There's a powerful scene in which the train pulls into a station for a short stop, and the journalist tries to shut the blind over wild fans on the platform. The hero insists on the window being unobstructed. She seems so uncomfortable having witnesses to the false pretext under which she is sitting at a table with the hero, to the transgression of his trust in her. He, of course, is used to this kind of madness (he sees it on the platform in Calcutta at the beginning of the journey and will face it in Delhi when he disembarks), and he refuses to sever a tie with an aspect of his life that is familiar—and maybe even comfortable in its familiarity—as he sets off on his unfamiliar and painful introspection.

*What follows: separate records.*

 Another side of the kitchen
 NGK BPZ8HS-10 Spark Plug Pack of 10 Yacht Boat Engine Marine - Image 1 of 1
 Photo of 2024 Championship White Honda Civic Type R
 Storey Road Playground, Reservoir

Stranger in a Strange Land has written about this scene in relation to her trip to see shooting for My Name Is Khan, and I was tickled at how similar her reaction to her experience seems to my reaction to being in an SRK-fevered crowd in Chicago a few years ago. I'd shut the blind too.
I suppose I should wait and write about this after I've seen its pair Kapurush as well, but frankly that looked too depressing to squeeze into a really busy week. Mahapurush is hilarious. Like Nayak, this works on a few different levels; it focuses on poking at the gullible, the tricks they fall for, and the shysters who, er, "inspire" them,
but it also has fun with a lovelorn fellow who fills his love letters with quotes from famous poets. Basically, it nips at anyone who takes a shortcut to personal gain.

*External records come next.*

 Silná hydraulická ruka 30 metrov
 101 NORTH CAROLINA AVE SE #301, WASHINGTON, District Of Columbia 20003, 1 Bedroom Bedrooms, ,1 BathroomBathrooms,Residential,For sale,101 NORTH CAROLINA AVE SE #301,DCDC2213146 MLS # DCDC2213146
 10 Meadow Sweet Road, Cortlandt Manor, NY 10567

|His girlfriend has to endure both his letters and the aforementioned shyster, and she is unimpressed. This may be the best facial expression I have ever seen on a young heroine in any Indian movie ever.|
This is such a light-hearted movie, and you don't mind laughing at everything it gives you because everyone in it is just a little bit ridiculous in their own way, but they're also a little bit relatable. The holy man's assistant (Rabi Ghosh) plays the part of his master's unblinking disciple/servant perfectly, yet he cannot resist breaking character to wink at the ladies listening from just outside the room where the men are fawning all over his master. There's a different group of men, all marked as learned by their stacks of books, laboratory equipment, and chess board, who are determined to expose the holy man as a fraud, but even they are intrigued by the befuddling little gesture he uses to illustrate his theory of the cycles of time.

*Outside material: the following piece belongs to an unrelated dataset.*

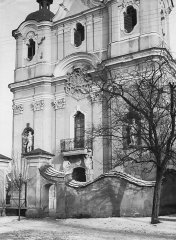 průčelí kostela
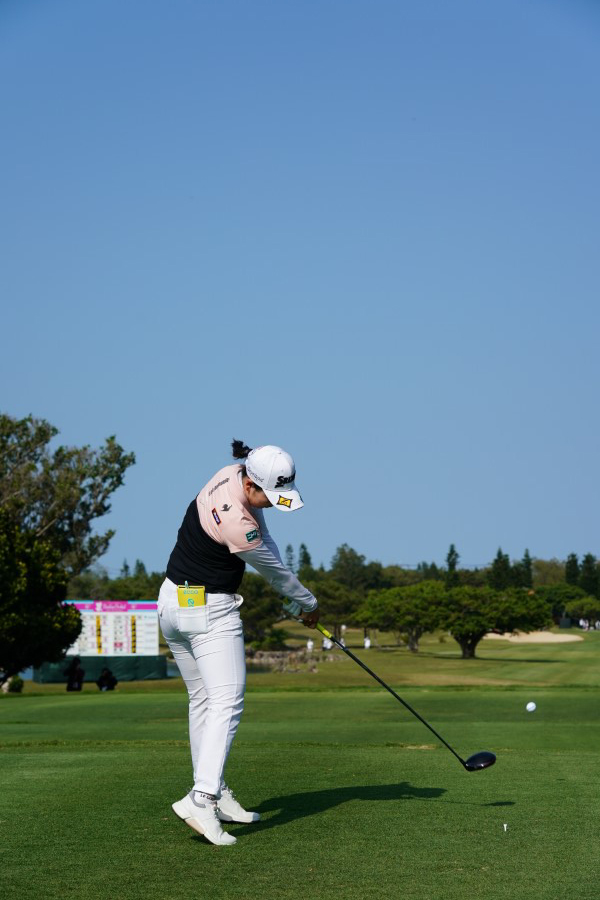 小祝さくらのドライバースイング（後方）連続写真【2022年ダイキンオーキッドレディスゴルフトーナメント】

|Use your right pointy finger to trace a circle away from you ("the future") while using your left one to trace a circle towards you ("the past"). I have had years and years of piano lessons and do not find this hard at all.|
I didn't catch whether our skeptics identified as spiritual/faithful/religious in any way, but I have never seen a movie that depicts religion in such an "opiate of the masses" sort of light. In this story, the people who believe are fools, and the people who do the fooling, if they believe in any morals at all, happily put their own pockets first. Neither my inner atheist nor the part of me that poo-poos Romantic poetry ever expected to find a soul mate in an Indian film from the 1960s, which probably just shows how much I have to learn about things that aren't mainstream Hindi. Love.
* At least those of us dependent on subtitles don't.